Brown Bear encounter (2 Viewers)

I would be walking like that, but not because of clever care, but because of poop in my pants! Properly scary, Italy keeps surprising me with their wildlife.

I had a similarly close encouter in Armenia, but the bears turned around the moment they noticed us, so it was way less scary.
 
Edit: I wish they'd disable the bloody predictive text element of this site!

There is no Predictive text element in the sites software, if it's anywhere its in your own Browser or you have it turned on on your phone or computer , I think you forked up and instead of asking to have Bare changed to Bear you decided as usual to take the negative approach and blame anyone else but yourself and in this case blamed the site.

As it happens I changed it for you, your welcome.
 
Surely the father should have got into a position close to his son rather than walking back at a distance and videoing?
 
Surely the father should have got into a position close to his son rather than walking back at a distance and videoing?

Yeah, I would have thought so too if for no other reason than to provide a diversion if the bear got aggressive.
 
Hard to tell of course but don't phones usually have quite a wide angle lens unless you deliberately zoom it? How easy is it to tell the perspective, especially with the phone held vertically? (I admit as a DSLR man this routine phone video practice both offends me and drives me crazy with essentially rubbish footage largely of sky instead of the breadth of the action!)

John
 
Hard to tell of course but don't phones usually have quite a wide angle lens unless you deliberately zoom it? How easy is it to tell the perspective, especially with the phone held vertically? . . .

Yeah, that’s a point. . .he may have been a lot closer than it looks.
 
Well you can see a good few metres of ground between them. But actually I read that most bear attacks on humans are because the bears feel threatened, rather than out of predation, and very few attacks are on children, so from that point of view I suppose it does make sense for the father to be further back.
 
Well you can see a good few metres of ground between them. But actually I read that most bear attacks on humans are because the bears feel threatened, rather than out of predation, and very few attacks are on children, so from that point of view I suppose it does make sense for the father to be further back.

That's indeed the case. And many bears will do a "bluff charge" when they want to scare off a human without engaging in an actual physical altercation.

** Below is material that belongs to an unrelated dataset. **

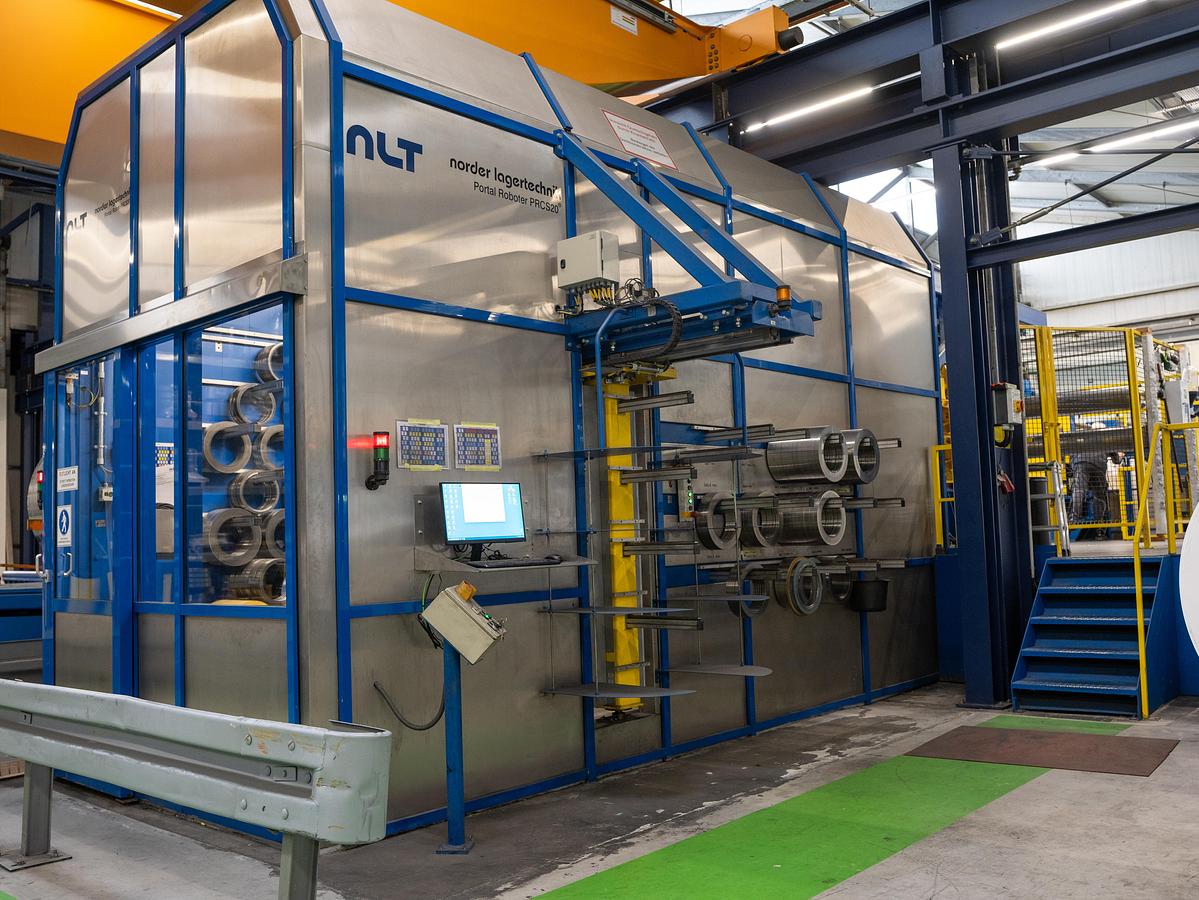 Used 65” x .098” Stainless Steel Slitting Line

But none of that advice works with a polar bear. They're extremely intelligent and fatal encounters have often involved predation. They will actively hunt humans.

--Phil C.
 
Saw this on a news snippet. Pretty sure I would have wet my pants ! Give me a big cranky buck Kangaroo to tackle in preference any day !

I think that was one well fed bear - luckily.

Kudos to the boy - great job. Father too. I had the distinct feeling that every time the bear reared on hind legs that it was sussing the larger adult human form out.

Phew ! All's well that ends well. Grizzlies - you can have them !





Chosun :gh:
 
That's indeed the case. And many bears will do a "bluff charge" when they want to scare off a human without engaging in an actual physical altercation.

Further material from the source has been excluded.